Dicen que en los barrios antiguos de Dubái todavía se murmura sobre la historia de una pareja: Marina y su pareja de hecho, Oleg. Llegaron a los Emiratos Árabes Unidos para «ganar dinero» a costa de turistas confiados: pequeños fraudes en el ámbito de las inversiones en criptomonedas, que reportan dinero fácil. Con el tiempo, Oleg fue más allá: empezó a «alquilar» a Marina a hombres adinerados, como si ella fuera parte de su negocio. A Marina le gustaba y no decía nada.
Una vez, en otra fiesta privada, Oleg fue a recoger a Marina, pero la casa estaba en silencio. No había nadie en la sala de estar, pero a través de la puerta entreabierta del dormitorio se oían golpes y sonidos similares a los que emiten las personas cuando se someten a una gastroscopia con un endoscopio.
Oleg, fingiendo indiferencia, se sentó en el sofá y encendió la consola de videojuegos. De repente, su mirada se posó en la mesita del salón: allí había un cuaderno, un portátil cerrado, una cartera fría y un montón de polvo blanco. El polvo no le interesaba, pero el viejo y gastado cuaderno y la cartera sí.

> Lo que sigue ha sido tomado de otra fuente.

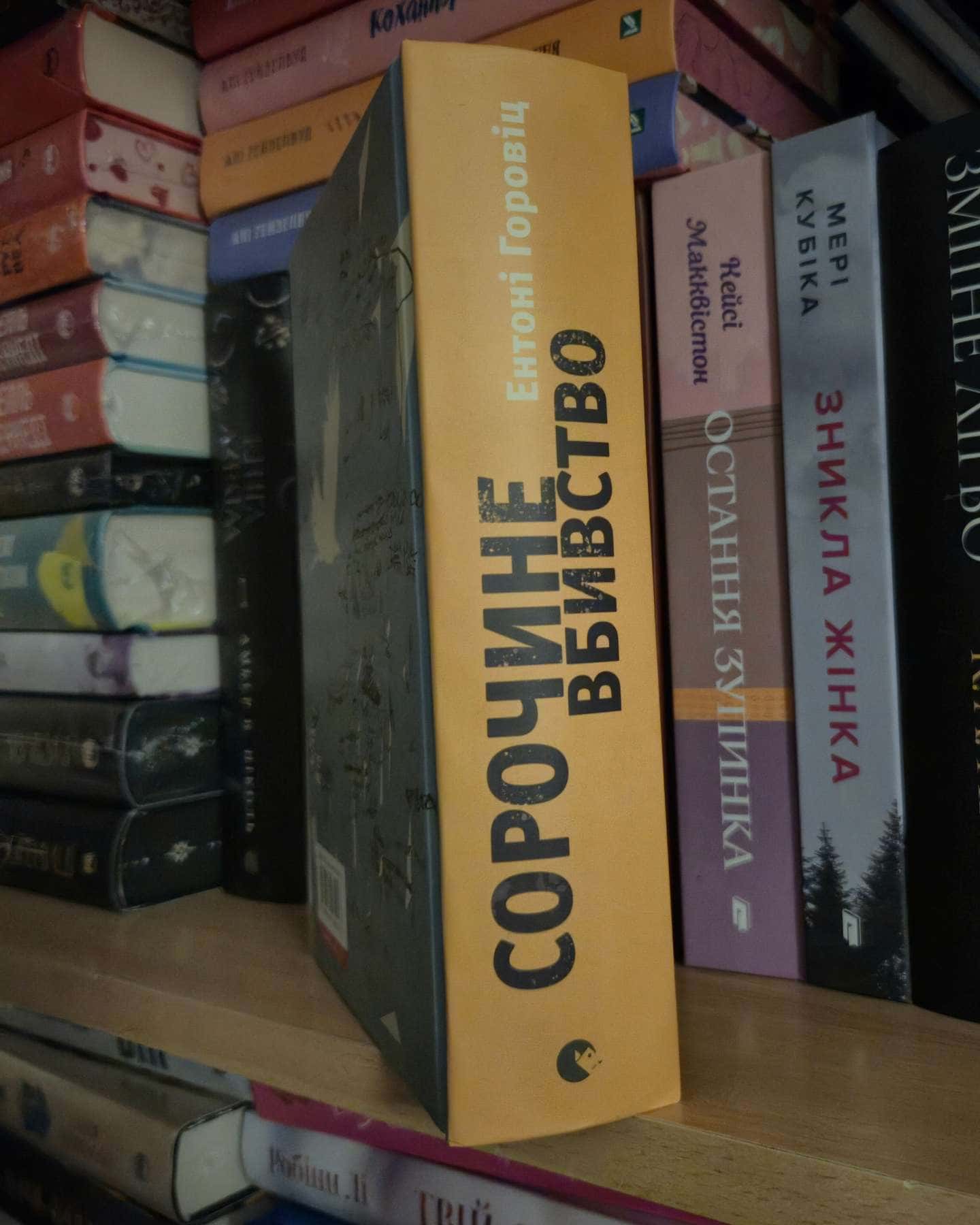 Сорочине вбивство — Ентоні Горовіц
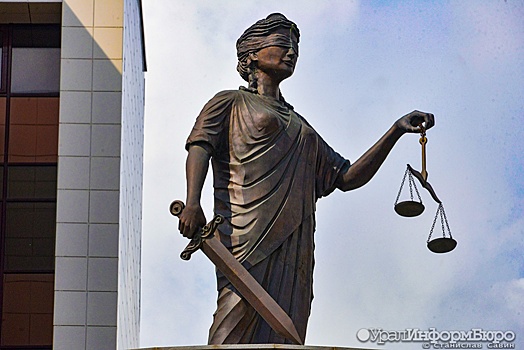 Гендиректор «Мелиостроя» выплатит 2,5 млн рублей по делу о взятке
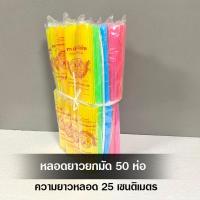 ราคา ยกมัด 50 ห่อ หลอดสั้น หลอดยาว หลอดยาวพิเศษ คละสี หลอดพลาสติกใช้แล้วทิ้ง หลอดดูดน้ำยกมัด (17870034085)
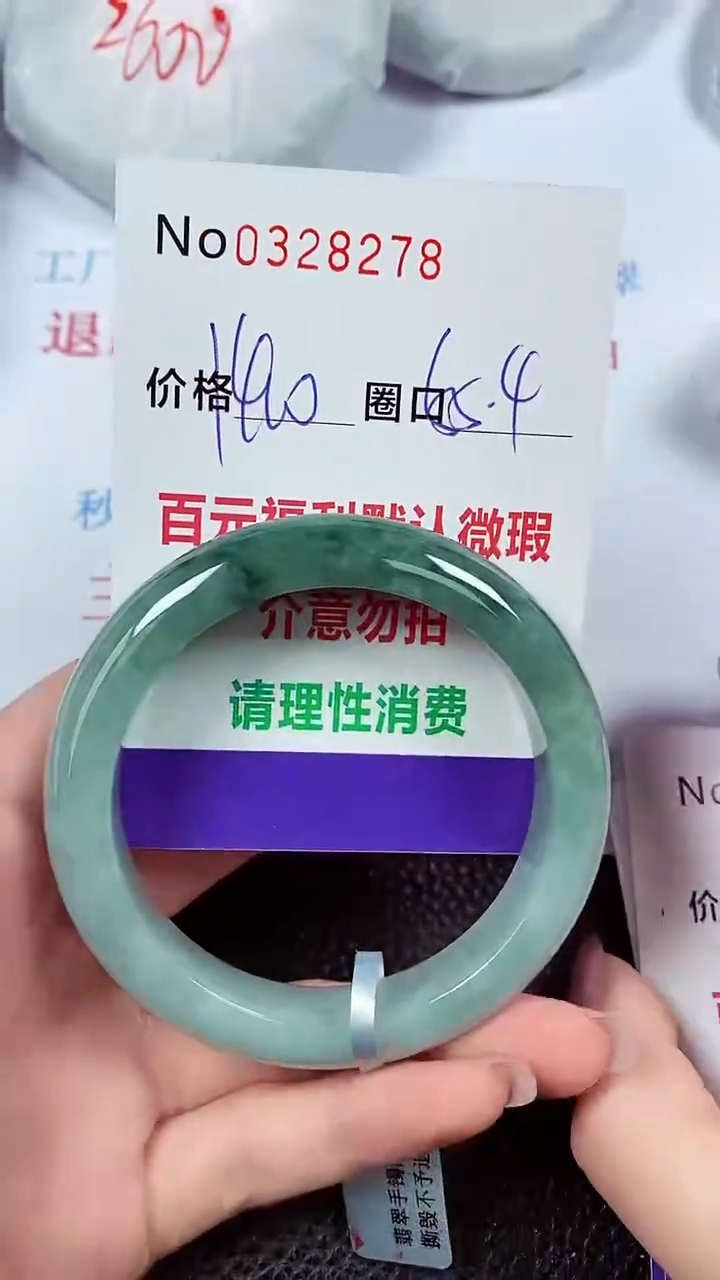 【闪购商品】翡翠手镯未镶嵌00328278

La cartera pertenecía a un director local de películas para adultos, cuya fortuna era difícil de imaginar. Al abrirla, Oleg pasó varias páginas y de repente se quedó paralizado. En una de ellas había una frase semilla cuidadosamente escrita.
Miró a su alrededor, arrancó rápidamente toda la hoja, cogió la cartera y la guardó en el bolsillo de sus pantalones cortos. Sin esperar a Marina, sin preguntar qué estaba pasando detrás de la puerta del dormitorio, salió corriendo de la casa y desapareció en el aire nocturno de Dubái.

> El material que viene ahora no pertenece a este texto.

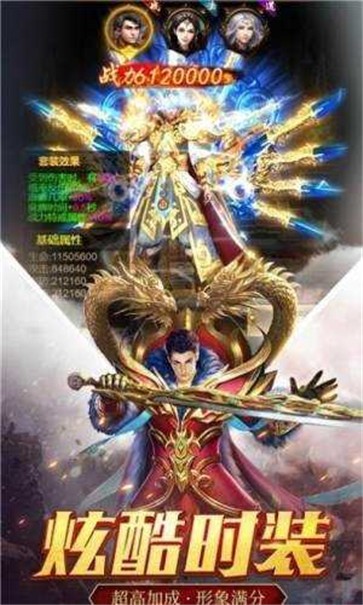 帝 战 迷 失 无 限 刀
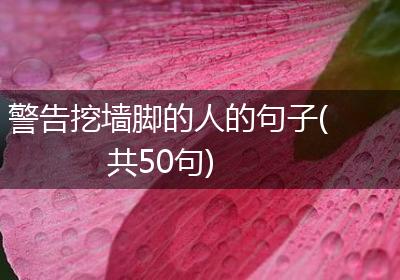 警告挖墙脚的人的句子(共50句)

Los sonidos de asfixia en el dormitorio se acallaron. En la puerta apareció un hombre bajito y calvo, el mismo director. Su mirada se deslizó por la mesa: el cuaderno estaba abierto, la hoja arrancada, la cartera de criptomonedas había desaparecido. Una sonrisa sombría se dibujó lentamente en el rostro del hombre.
Encendió el portátil y revisó las grabaciones de las cámaras de videovigilancia, y entonces lo entendió todo. Cogió el iPhone y marcó el número de Oleg. Sus dudas se disiparon cuando escuchó la frase: «El número al que ha llamado no se encuentra disponible».
Pasaron tres años. Una mañana, cerca de un vertedero, encontraron a una mujer con los ojos enrojecidos y apenas viva. Sin embargo, no parecía hambrienta. Era Marina.
Más tarde, ya en el hospital, contó en voz baja sobre un sótano estéril y semioscuro, muebles y aparatos atornillados al techo y al suelo, una cadena empotrada en la pared. Sobre cómo allí el día no se diferenciaba de la noche. Y sobre cómo nunca había visto las caras de los que venían.
Las máscaras de látex ocultaban bien las sonrisas lascivas de los hombres y mujeres que la visitaban, que siempre dejaban un rastro de perfume barato. Pero ningún otro detalle podía esconderse de las cámaras de vídeo de su habitación rosa.
Y Oleg nunca volvió a aparecer. Su número de teléfono ya no aparecía en la red. Tampoco apareció la fría cartera en la que había 990 bitcoins.
En algunos barrios de Dubái todavía se pueden escuchar historias sobre el hombre que robó la cartera de otra persona y sobre su esposa, una mujer de mirada persecutoria.